SQL Table Join Performance for INT vs BIGINT vs GUID Data Types

By: Ben Snaidero | Updated: 2017-10-19 | Comments (2) | Related: > Database Design

Problem

Reading some of the comments from my last tip got me thinking about the performance of table joins on different datatypes. I had always assumed (I know I should know better) that as long as the columns, regardless of whether or not there is a foreign key relationship defined, are indexed that there should be no performance issues based on datatype of the join column chosen to join two tables.
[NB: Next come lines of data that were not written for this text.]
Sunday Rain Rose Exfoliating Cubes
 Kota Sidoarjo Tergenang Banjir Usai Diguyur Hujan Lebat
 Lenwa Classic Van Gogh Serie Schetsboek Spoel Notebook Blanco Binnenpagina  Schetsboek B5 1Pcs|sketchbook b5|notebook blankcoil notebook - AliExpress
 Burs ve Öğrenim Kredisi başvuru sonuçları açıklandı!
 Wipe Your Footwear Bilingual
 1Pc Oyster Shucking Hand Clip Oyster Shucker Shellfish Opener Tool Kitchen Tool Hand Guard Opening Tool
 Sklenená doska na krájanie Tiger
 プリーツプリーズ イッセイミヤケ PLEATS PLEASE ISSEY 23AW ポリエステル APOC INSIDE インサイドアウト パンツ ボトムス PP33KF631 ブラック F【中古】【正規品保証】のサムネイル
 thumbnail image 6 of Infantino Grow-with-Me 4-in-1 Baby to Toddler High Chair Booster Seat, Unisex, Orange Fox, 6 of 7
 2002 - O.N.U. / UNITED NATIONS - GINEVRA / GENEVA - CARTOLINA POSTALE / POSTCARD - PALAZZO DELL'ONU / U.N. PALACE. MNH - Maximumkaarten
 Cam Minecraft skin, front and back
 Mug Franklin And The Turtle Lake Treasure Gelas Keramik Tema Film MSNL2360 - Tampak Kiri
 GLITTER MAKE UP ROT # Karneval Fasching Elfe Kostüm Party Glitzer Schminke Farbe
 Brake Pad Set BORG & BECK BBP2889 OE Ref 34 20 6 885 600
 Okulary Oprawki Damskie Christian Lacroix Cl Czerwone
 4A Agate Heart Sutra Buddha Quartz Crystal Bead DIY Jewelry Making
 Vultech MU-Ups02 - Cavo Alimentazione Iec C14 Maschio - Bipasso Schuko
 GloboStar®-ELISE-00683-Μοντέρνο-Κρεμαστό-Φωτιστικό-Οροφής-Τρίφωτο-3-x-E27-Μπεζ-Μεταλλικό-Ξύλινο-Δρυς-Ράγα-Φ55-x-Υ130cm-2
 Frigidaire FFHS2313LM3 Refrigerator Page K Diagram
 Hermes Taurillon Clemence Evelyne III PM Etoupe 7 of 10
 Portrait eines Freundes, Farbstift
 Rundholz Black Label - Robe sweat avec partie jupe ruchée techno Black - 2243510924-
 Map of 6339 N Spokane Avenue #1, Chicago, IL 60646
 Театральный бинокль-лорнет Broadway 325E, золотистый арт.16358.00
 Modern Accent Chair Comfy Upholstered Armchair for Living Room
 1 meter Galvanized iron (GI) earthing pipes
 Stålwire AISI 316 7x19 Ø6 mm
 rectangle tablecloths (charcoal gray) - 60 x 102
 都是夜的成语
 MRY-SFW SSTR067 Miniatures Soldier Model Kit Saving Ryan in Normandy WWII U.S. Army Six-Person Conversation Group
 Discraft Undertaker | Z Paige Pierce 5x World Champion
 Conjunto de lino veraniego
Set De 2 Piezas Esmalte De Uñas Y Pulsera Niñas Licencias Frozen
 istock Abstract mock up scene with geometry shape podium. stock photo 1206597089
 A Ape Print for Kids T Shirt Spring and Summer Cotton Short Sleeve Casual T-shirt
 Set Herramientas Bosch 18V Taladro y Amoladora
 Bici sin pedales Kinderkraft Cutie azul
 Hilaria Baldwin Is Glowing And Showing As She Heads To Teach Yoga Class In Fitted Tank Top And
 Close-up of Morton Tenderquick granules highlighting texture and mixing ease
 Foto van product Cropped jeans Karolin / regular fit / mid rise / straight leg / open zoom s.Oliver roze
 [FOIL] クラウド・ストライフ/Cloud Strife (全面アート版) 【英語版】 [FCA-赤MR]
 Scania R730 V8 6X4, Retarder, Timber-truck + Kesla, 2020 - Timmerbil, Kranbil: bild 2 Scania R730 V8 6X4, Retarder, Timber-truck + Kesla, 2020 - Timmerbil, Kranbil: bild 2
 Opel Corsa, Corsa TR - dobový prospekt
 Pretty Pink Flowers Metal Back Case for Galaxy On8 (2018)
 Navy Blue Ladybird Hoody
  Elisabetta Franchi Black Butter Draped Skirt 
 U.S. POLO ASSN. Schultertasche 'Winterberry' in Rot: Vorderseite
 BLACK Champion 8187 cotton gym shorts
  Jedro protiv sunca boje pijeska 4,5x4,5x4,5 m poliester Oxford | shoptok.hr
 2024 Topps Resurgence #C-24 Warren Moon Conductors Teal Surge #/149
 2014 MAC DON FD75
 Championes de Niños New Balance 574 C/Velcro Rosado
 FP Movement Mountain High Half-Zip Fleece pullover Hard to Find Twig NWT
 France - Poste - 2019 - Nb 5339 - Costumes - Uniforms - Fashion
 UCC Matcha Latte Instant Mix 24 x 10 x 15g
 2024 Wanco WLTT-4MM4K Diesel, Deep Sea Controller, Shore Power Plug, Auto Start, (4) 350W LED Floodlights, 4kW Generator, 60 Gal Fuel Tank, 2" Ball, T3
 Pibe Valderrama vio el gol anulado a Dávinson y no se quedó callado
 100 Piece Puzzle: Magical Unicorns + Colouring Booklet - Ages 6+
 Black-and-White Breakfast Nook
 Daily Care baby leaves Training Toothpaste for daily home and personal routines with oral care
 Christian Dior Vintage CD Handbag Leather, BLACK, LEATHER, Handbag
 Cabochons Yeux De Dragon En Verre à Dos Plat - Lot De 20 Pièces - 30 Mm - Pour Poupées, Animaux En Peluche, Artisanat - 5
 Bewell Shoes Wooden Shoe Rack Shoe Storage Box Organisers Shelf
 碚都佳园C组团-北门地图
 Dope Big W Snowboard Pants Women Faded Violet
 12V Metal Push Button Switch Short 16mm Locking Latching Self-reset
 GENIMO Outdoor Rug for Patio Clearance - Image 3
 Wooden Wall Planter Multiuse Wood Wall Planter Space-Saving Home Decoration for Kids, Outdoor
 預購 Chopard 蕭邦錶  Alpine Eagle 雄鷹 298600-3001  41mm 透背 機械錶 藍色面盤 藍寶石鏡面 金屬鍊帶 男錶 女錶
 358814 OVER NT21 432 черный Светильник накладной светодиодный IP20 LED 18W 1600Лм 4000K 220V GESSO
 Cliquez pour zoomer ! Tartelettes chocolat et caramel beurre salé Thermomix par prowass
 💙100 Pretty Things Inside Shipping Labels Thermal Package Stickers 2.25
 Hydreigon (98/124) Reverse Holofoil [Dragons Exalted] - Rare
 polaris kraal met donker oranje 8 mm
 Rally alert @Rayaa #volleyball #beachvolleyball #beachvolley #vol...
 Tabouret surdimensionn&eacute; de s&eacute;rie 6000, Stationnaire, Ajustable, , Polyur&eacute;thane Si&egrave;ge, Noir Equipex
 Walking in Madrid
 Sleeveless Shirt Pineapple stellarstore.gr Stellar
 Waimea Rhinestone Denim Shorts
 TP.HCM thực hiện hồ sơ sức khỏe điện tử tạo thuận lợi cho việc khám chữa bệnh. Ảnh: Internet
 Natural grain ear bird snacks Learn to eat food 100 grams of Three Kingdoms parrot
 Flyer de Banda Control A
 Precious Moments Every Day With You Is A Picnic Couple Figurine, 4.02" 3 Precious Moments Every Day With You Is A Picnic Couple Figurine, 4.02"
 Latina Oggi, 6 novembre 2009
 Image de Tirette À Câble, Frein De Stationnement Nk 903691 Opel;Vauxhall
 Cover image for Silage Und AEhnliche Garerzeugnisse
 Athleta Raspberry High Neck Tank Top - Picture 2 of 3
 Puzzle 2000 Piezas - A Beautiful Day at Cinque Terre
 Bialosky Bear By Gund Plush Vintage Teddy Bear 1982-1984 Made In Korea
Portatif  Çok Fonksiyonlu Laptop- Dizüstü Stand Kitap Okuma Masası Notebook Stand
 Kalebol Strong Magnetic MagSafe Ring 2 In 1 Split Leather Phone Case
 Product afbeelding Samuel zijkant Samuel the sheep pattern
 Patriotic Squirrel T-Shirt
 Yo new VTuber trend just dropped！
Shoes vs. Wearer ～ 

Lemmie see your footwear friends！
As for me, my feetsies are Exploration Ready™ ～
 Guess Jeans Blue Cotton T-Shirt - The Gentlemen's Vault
In this tip we will compare joining tables using the following datatypes to see if there is in fact any performance difference: INT, BIGINT, GUID (one randomly generated and generated using the newsequentialid() function).

Solution

In order to perform this test, let's setup 4 similar sets of parent/detail tables. The only difference will be that each parent table primary key and its associated detail table join column will use a different column type: one of INT, BIGINT and GUID (one randomly generated and generated using the newsequentialid() function). Below is the T-SQL to generate these tables and load some sample data.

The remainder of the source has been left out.